Nous souhaitons aussi que cette filière des données de santé soit en phase avec l'évolution de l'économie et du potentiel d'innovation autour de la data médicale. Ceci signifie qu'il faut veiller à ce que ces données circulent. Le Health data hub constitue une première brique. Citons également l'Espace numérique de santé, autre projet inclus dans le plan « Ma santé 2022 ». Ce sont des éléments essentiels pour que les données de santé soient une source d'amélioration au service des patients et des professionnels de santé. Il s'agit à présent d'organiser ces travaux, de les sécuriser, mais aussi de s'attacher à valoriser les données de santé.
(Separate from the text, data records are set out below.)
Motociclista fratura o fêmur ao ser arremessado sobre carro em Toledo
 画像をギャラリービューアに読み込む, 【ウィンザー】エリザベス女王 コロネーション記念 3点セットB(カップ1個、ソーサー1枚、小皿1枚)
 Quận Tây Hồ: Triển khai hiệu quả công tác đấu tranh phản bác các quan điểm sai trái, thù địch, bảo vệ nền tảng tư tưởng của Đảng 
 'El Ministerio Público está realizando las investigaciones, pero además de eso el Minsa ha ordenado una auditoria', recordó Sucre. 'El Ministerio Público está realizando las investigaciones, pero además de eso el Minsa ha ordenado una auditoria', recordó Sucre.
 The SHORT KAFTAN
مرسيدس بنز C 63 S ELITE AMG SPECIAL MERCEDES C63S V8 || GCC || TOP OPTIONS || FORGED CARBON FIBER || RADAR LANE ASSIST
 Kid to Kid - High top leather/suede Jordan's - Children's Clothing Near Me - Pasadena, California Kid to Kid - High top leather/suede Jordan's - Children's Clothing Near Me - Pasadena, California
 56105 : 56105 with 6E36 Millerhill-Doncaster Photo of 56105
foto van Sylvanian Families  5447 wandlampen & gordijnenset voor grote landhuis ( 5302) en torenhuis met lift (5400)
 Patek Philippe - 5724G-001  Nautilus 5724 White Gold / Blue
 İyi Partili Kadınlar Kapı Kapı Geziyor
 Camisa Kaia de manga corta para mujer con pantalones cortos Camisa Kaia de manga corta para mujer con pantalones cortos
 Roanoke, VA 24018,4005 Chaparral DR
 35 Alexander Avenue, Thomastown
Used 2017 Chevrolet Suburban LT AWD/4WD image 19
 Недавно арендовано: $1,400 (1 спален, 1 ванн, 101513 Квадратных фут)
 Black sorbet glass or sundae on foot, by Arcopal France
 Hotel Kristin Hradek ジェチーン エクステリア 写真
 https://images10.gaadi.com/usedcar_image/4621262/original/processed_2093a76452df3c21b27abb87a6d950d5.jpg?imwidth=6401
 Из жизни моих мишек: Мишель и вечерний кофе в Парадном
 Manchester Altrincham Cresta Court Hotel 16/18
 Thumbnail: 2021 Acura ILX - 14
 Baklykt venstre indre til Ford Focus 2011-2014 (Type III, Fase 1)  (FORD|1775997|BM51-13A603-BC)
Ces différents axes appellent à chaque fois des initiatives et des compétences.
En ce qui concerne la sécurisation des données, nous avons accompagné un sujet sur lequel la France est précurseur, à savoir la sécurisation de l'hébergement des données de santé. La France a innové dans ce domaine, avant même l'arrivée du règlement général européen sur la protection des données. Nous avons salué l'intérêt de cette démarche, tout comme le passage de cette réglementation à une certification basée sur des standards internationaux. En effet, lorsqu'il s'agit de créer une filière de données de santé, il faut être vigilant et créer un cadre permettant la fluidité de l'information en toute sécurité, mais aussi ne pas se cantonner à un cadre français et s'appuyer sur des standards internationaux. Cette dimension est essentielle.
Il est également très important de sécuriser les systèmes d'information et le socle technologique de base. Si l'on veut déployer une filière de données de santé, il faut évidemment que ces données s'appuient sur un socle technologique solide. Ceci a constitué un sujet d'inquiétude de longue date dans les travaux du comité Santé, notamment au vu du sous-investissement historique réalisé en France dans ce domaine, ce qui est finalement assez logique puisque le numérique n'était jusqu'alors pas considéré comme un vecteur de transformation.
Nous pensons qu'il est nécessaire de déployer des outils technologiques pour veiller à la circulation de ces données. Il est question également d'authentification, d'accessibilité, d'hébergement. Tout ceci fait appel à des compétences et à des outils technologiques, à la construction desquels nous sommes disposés à contribuer.
Nous accordons en outre une grande importance au respect des droits de la personne. Syntec Numérique et le CIGREF ont ainsi élaboré un référentiel pratique destiné aux acteurs, afin de favoriser les questions d'éthique du numérique. Nous estimons que dans nombre de cas la notion de tiers de confiance doit être considérée comme un élément essentiel de la constitution de cette filière de santé. Nous souhaitons, par ce biais, encourager l'innovation et le développement de la médecine de prévention, qui s'appuie forcément sur l'utilisation de données de santé venant de différentes sources.
Voici, pour moi et pour les adhérents de l'organisation que je représente, les éléments essentiels de ce tournant numérique en cours, que nous saluons.